Pakistani sports journalist

Mirza Iqbal Baig (Urdu: ) is a Pakistani sports journalist, analyst, and cricket commentator who currently works as a television show host. Baig comes from Karachi and is a notable resident of the Model Colony. He has served in various capacities as a cricket analyst, including being appointed by the Pakistan Cricket Board as a media coordinator in 1999 from the National Stadium, Karachi. Currently, he hosts a sports show on Express News and writes for the Daily Times.

==Education==
Baig studied at the University of Karachi hold a BSc. Honours degree in Economics with his subsidiary subjects being mathematics and statistics. He then went on to do M.Sc. in Economics from the same university. For a short period, he remained a teacher of mathematics and physics, before eventually venturing into the commentating sphere, something he had always been interested in.

== Career ==
He started his career in 1987 by working as a sports reporter for Radio Pakistan, after being introduced there by his friend Tauseef Ahmed (a former Pakistani test cricketer). Initially, he was assigned a sports program called Aalmi Sports Roundup where gave a recap of world sports. He then moved on to cricket-related news. In 1988, he joined Daily Jang as a sports editor. He then worked for Takbeer (magazine), Ummat as well as the Daily Times and later joined Indus TV as a freelance sports anchor.
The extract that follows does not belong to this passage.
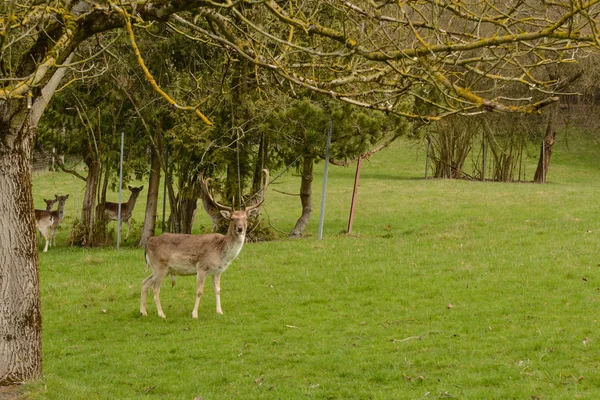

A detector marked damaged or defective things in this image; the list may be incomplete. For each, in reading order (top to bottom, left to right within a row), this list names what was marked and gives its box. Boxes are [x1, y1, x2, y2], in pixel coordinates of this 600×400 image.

rusty metal pole [344, 154, 364, 234]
In 1999, he was appointed by the Pakistan Cricket Board as a media coordinator from Karachi in 1999, a position he stayed at for three years.

In the mid-2000s, Baig joined Geo Super as host of a sports talk show Bolain Kya Baat Hai on Geo Super, where he went on to do more than 700 episodes. Baig was in conflict with the management of Geo Super so he left Geo Super after six and a half years and shook joined PTV Sports in August 2012. In 2014, he joined Express News as host of Sports Hour. In 2015, the show was renamed to Sports Page with Mirza Iqbal Baig, and, as of 2022, is still in production.

Since February 2016, Baig has been writing for the Daily Times.

== Awards ==
In 2021, Baig was nominated for the Best Sports Show Host award at the 2nd Pakistan Sports Awards.